Trademark rights are acquired in the United States through (1) use of the trademark or (2) by filling a trademark application in the U.S. Patent and Trademark Office (USPTO) and obtaining a registration.
Businesses sometimes opt not to register their trademarks at the USPTO. A mark that is in use but not federally registered creates “common law” trademark rights, but those rights are limited. One important limitation is that your client’s rights only exist in the geographical area in which your client is using the trademark. Your client’s rights may be further limited if someone else, not knowing about your client’s use of the mark, files an application at the USPTO and obtains a federal trademark registration. In this scenario, your client’s rights will be limited to its geographical extent of mark usage, as of the filing date of the other party’s application.
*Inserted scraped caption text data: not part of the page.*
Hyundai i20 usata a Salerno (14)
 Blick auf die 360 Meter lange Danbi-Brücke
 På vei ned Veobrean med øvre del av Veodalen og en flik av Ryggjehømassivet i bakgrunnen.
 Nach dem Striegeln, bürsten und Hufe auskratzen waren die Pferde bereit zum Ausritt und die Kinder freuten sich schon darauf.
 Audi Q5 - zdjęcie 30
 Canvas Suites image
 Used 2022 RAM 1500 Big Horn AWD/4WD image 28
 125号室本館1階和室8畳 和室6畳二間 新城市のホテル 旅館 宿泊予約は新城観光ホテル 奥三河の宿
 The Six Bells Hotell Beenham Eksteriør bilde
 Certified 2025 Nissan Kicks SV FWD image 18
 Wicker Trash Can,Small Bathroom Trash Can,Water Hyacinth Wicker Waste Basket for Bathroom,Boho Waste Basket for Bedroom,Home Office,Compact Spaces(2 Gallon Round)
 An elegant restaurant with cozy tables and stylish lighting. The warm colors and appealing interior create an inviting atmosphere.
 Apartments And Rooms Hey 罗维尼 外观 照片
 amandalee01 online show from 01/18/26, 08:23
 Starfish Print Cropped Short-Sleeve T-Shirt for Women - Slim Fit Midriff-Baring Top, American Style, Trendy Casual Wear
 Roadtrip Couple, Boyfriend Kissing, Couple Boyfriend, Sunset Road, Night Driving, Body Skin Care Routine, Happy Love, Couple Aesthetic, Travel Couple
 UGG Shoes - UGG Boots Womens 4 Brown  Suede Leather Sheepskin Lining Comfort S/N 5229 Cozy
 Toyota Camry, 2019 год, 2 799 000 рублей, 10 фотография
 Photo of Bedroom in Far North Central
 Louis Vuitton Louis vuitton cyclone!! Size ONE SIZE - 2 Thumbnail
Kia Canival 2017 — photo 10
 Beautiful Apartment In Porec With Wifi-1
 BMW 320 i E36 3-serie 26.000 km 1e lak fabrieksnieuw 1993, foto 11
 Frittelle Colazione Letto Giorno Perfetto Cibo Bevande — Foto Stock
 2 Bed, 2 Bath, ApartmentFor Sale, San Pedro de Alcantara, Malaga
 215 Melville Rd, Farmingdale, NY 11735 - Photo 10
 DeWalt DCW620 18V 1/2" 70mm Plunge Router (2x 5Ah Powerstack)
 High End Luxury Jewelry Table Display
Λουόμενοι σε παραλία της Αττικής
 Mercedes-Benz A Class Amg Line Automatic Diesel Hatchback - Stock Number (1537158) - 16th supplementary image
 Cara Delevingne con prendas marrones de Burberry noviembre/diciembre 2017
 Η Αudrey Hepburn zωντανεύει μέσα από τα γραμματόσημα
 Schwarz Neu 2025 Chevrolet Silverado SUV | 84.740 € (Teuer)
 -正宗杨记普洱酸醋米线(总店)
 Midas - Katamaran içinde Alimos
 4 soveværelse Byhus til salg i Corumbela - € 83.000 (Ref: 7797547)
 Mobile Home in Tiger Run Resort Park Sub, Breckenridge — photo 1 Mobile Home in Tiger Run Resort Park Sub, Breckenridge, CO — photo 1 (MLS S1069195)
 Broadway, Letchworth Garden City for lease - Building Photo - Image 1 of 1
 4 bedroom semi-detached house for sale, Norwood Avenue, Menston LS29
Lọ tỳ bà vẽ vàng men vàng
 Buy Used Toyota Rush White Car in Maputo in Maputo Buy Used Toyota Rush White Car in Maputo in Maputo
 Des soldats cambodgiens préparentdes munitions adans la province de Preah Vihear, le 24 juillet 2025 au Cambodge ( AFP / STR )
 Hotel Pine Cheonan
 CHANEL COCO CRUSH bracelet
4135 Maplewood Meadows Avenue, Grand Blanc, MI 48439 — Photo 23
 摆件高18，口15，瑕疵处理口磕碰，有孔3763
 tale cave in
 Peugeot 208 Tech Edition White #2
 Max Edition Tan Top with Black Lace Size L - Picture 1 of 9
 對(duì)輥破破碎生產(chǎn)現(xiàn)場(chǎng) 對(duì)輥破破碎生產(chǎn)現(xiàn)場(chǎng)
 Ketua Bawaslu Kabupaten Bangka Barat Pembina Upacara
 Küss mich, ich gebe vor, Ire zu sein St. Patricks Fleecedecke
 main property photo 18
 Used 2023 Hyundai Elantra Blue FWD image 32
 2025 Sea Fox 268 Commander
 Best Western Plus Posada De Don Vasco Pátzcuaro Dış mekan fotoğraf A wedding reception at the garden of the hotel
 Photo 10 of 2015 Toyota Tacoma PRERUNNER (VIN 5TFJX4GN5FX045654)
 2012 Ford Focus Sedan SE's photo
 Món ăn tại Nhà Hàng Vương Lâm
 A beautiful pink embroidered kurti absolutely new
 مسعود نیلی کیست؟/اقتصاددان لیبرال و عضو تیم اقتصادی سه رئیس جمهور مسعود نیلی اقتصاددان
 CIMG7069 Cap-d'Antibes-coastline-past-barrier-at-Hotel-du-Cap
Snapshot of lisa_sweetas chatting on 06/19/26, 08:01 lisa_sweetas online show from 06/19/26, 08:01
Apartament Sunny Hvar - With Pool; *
Federally registering a trademark avoids these problems, while offering a number of other significant advantages.
One of the underlying principles relating to rights in a trademark is that the first user of the trademark has superior rights (everything else being equal). The importance of using a trademark first, or filing an application in the USPTO first cannot be overemphasized. The advantages of obtaining a federal trademark registration include:
- Provides constructive notice of your client’s trademark rights to others within the US and places that mark in the records of the USPTO where many trademark searches are performed, thereby providing actual notice to others of your trademark rights when they are choosing a trademark.
- Once a registration is obtained, the USPTO may use your client’s registration to stop others from receiving registrations for confusingly similar marks.
- Provides nationwide notice of ownership of your client’s mark as of the registration date.
- Gives your client the right to use the ®symbol for the goods and services listed in the registration.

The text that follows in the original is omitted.